**ASSIGNMENT**
Drop the images, then output the listing exactly.
MATERIAL PROVIDED: Begin
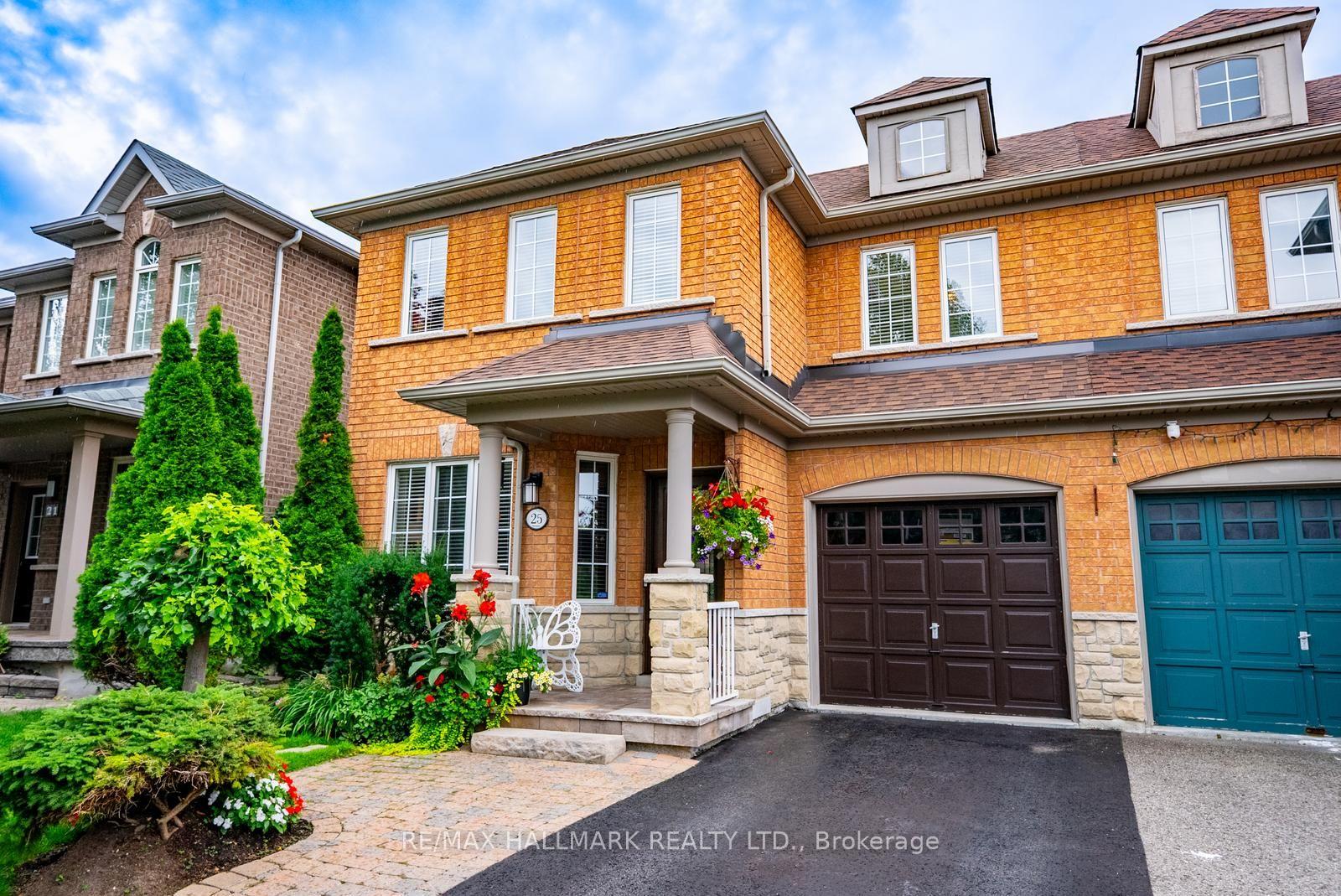 Photo 4 of 25 Starr Crescent, Aurora, Bayview Northeast — HOMEH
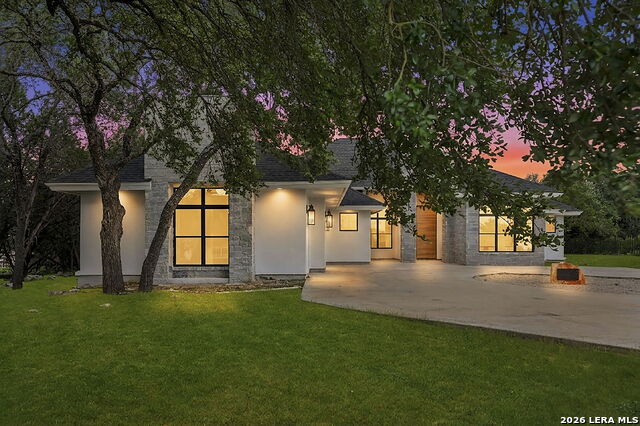 232 Steeplebrook Property Photo 4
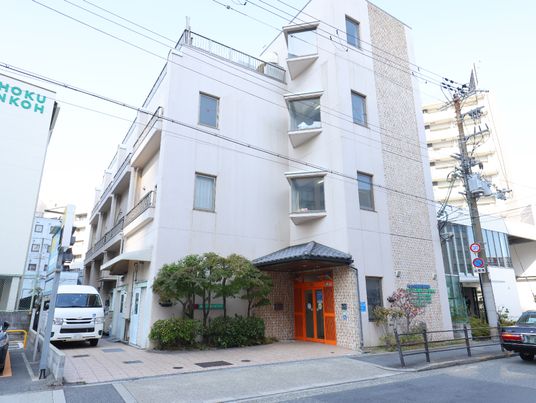 都市型の明るい外観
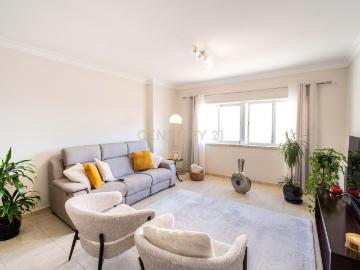 Apartamento T3 em Mafra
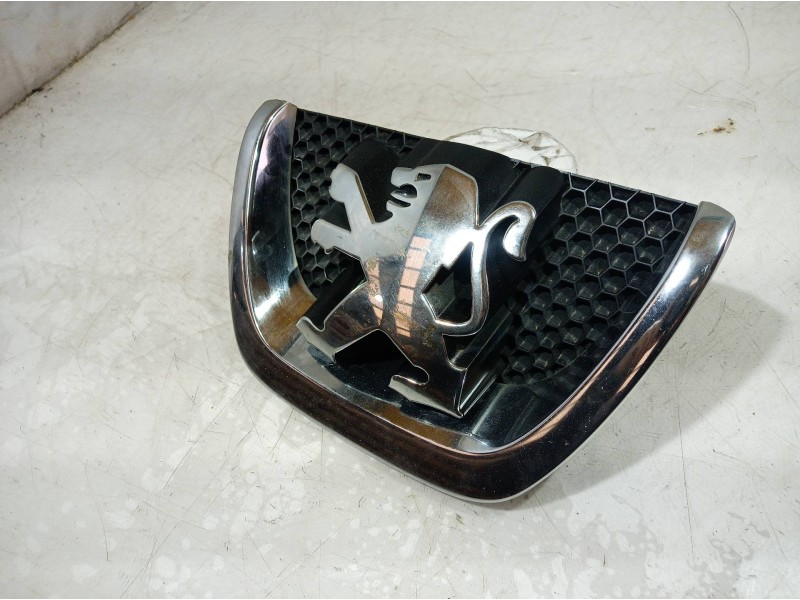Recambio de rejilla delantera para peugeot 5008 active referencia OEM IAM 18C0001030 18C0001030 18C0001030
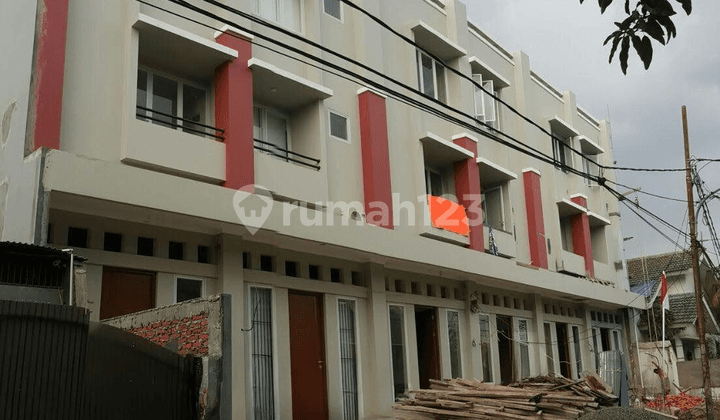 4-Unit Shophouse Row For Sale Per Unit in Daan Mogot, West Jakarta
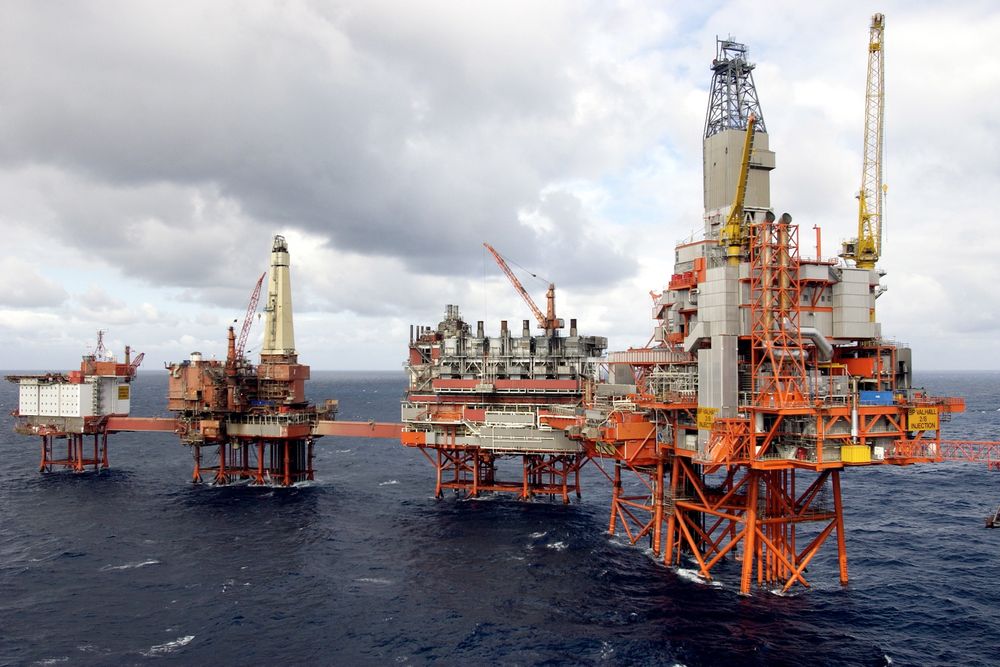 Hess Norge AS er rettighetshaver og majoritetseier av Valhall-feltet i Nordsjøen. Under et tilsyn i oktober i fjor avdekket Petroleumstilsynet flere avvik knyttet til styring og dokumentasjon. 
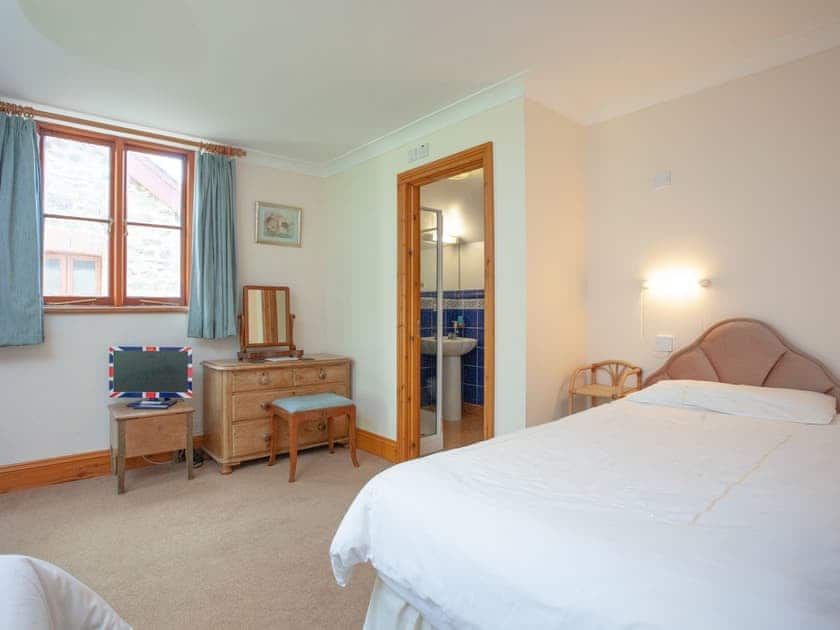 Family bedroom | The Coach House - South Allington Barns, Kingsbridge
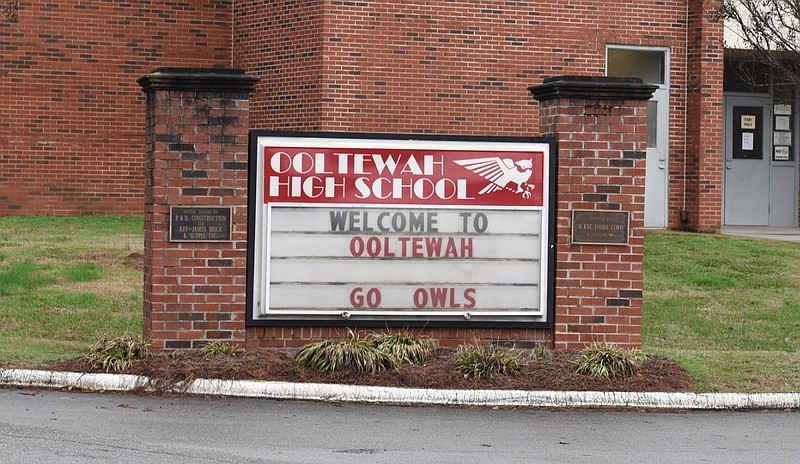 Ooltewah High School sign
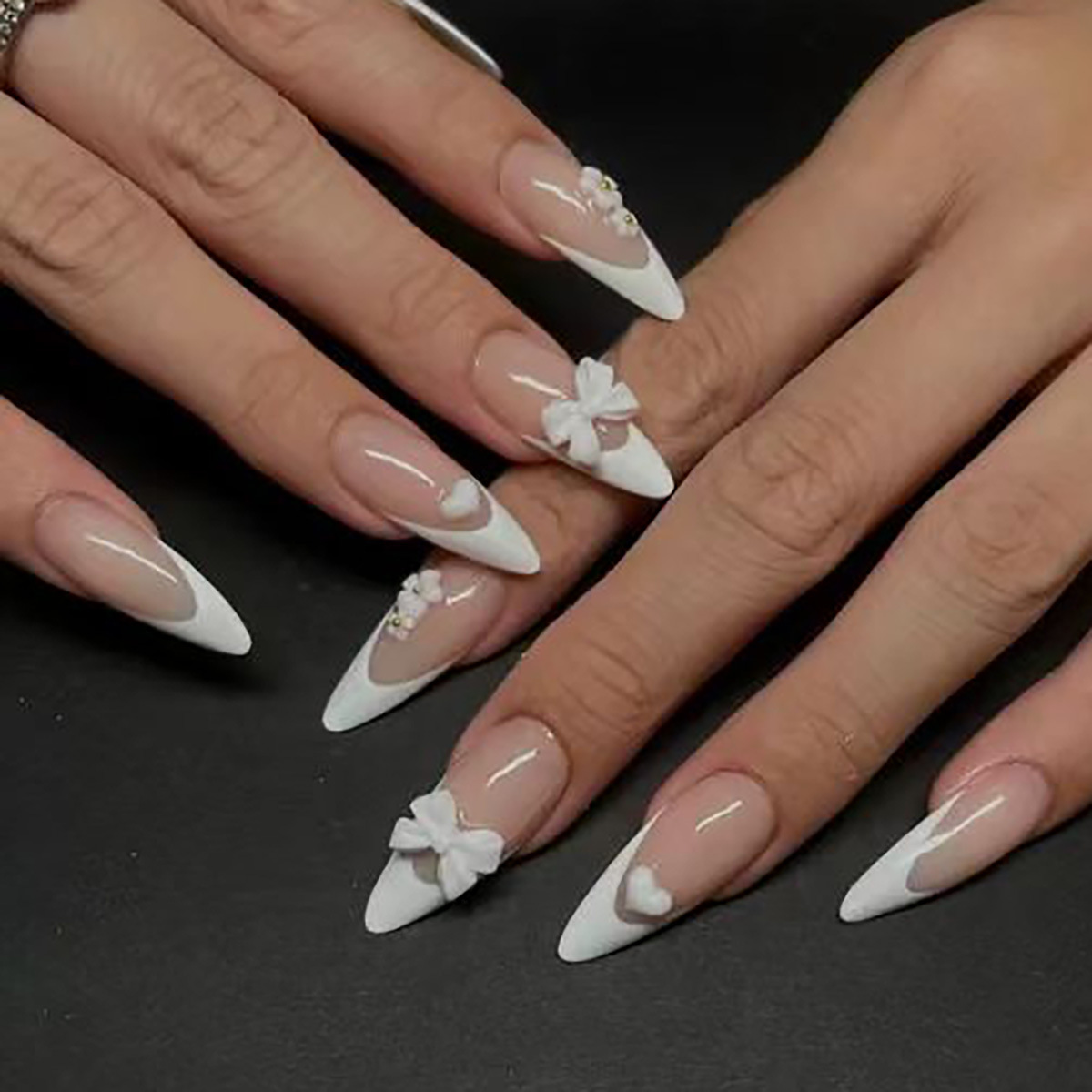 24 Stück modische Strass-Nagel – Nail Art Quirky Bewertung und Preis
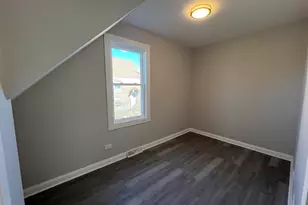 5337 S Fairfield Ave, Chicago, IL 60632 - Photo 9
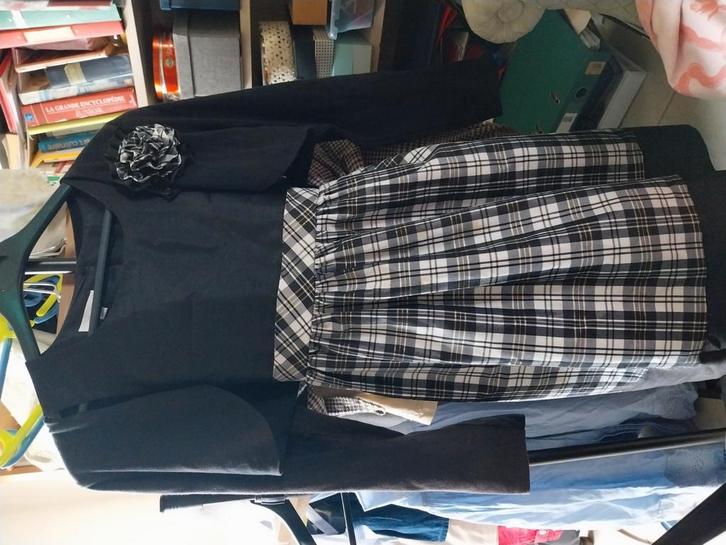 Magnifique robe de fête avec veston assorti., Enfants & Bébés, Vêtements enfant | Autre, Comme neuf, Enlèvement ou Envoi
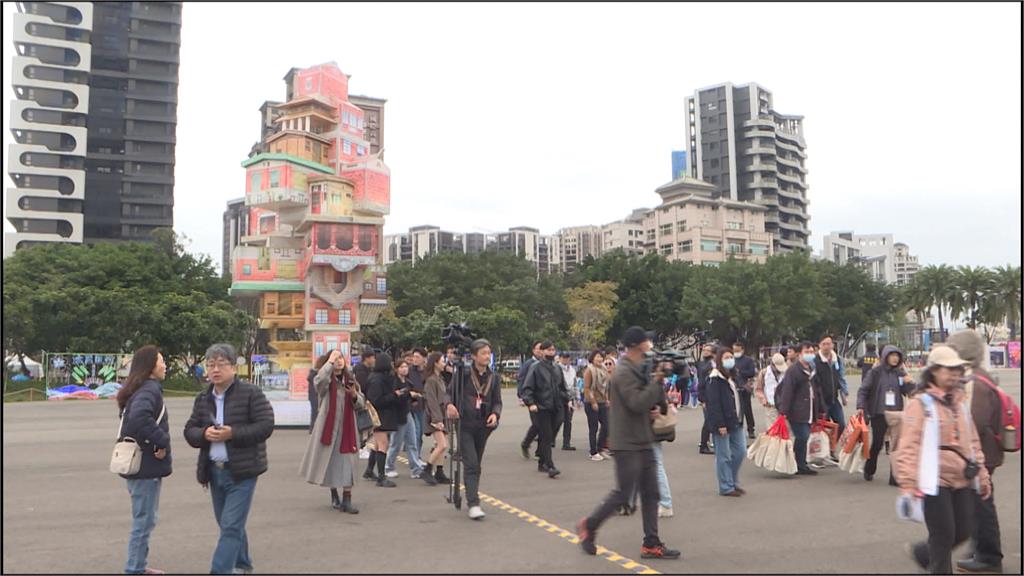 饒慶鈴率隊參觀台灣燈會　張善政：盼讓台東更美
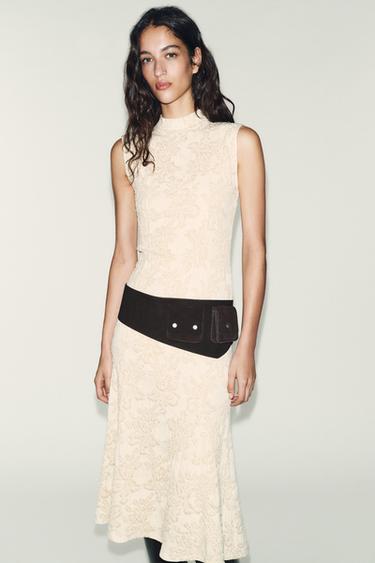 VESTIDO JACQUARD HILO METALIZADO - Crudo / Beige de Zara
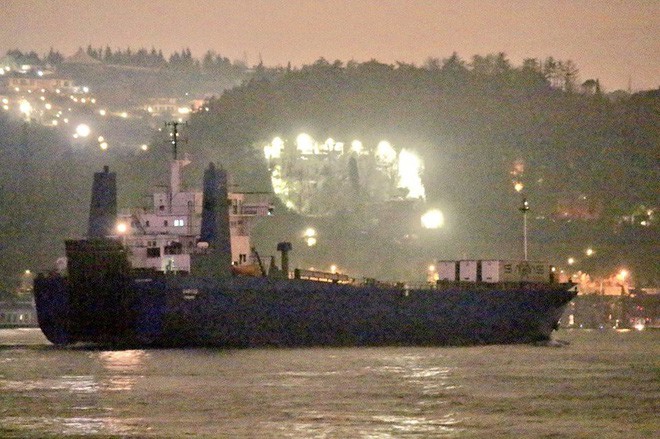 Tàu Nga ùn ùn chuyển xe tăng, vũ khí hạng nặng tới Syria: Chuẩn bị cho trận đánh lớn? - Ảnh 1.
MATERIAL PROVIDED: End
**TASK OUTPUT**
 Photo 4 of 25 Starr Crescent, Aurora, Bayview Northeast — HOMEH
 232 Steeplebrook Property Photo 4
 都市型の明るい外観
 Apartamento T3 em Mafra
Recambio de rejilla delantera para peugeot 5008 active referencia OEM IAM 18C0001030 18C0001030 18C0001030
 4-Unit Shophouse Row For Sale Per Unit in Daan Mogot, West Jakarta
 Hess Norge AS er rettighetshaver og majoritetseier av Valhall-feltet i Nordsjøen. Under et tilsyn i oktober i fjor avdekket Petroleumstilsynet flere avvik knyttet til styring og dokumentasjon. 
 Family bedroom | The Coach House - South Allington Barns, Kingsbridge
 Ooltewah High School sign
 24 Stück modische Strass-Nagel – Nail Art Quirky Bewertung und Preis
 5337 S Fairfield Ave, Chicago, IL 60632 - Photo 9
 Magnifique robe de fête avec veston assorti., Enfants & Bébés, Vêtements enfant | Autre, Comme neuf, Enlèvement ou Envoi
 饒慶鈴率隊參觀台灣燈會　張善政：盼讓台東更美
 VESTIDO JACQUARD HILO METALIZADO - Crudo / Beige de Zara
 Tàu Nga ùn ùn chuyển xe tăng, vũ khí hạng nặng tới Syria: Chuẩn bị cho trận đánh lớn? - Ảnh 1.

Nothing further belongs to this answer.